↓

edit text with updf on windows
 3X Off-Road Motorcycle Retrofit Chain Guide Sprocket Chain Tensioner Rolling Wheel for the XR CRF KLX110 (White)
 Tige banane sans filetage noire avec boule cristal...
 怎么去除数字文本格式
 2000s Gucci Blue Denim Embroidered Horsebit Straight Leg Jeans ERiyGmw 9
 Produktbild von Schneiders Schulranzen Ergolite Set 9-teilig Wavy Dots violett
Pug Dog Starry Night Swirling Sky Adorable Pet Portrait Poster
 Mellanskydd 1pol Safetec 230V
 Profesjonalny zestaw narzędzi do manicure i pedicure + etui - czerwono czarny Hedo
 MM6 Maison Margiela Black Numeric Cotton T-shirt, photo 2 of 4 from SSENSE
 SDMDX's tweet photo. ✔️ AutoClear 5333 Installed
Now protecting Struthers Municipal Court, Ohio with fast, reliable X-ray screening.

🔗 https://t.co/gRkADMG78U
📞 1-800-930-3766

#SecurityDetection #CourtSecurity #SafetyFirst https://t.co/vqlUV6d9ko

↑

Exercise prompt: Retype exactly the lines from the one containing "MM6 Maison Margiela" through the end of the data. Add nothing.

Response box:
 MM6 Maison Margiela Black Numeric Cotton T-shirt, photo 2 of 4 from SSENSE
 SDMDX's tweet photo. ✔️ AutoClear 5333 Installed
Now protecting Struthers Municipal Court, Ohio with fast, reliable X-ray screening.

🔗 https://t.co/gRkADMG78U
📞 1-800-930-3766

#SecurityDetection #CourtSecurity #SafetyFirst https://t.co/vqlUV6d9ko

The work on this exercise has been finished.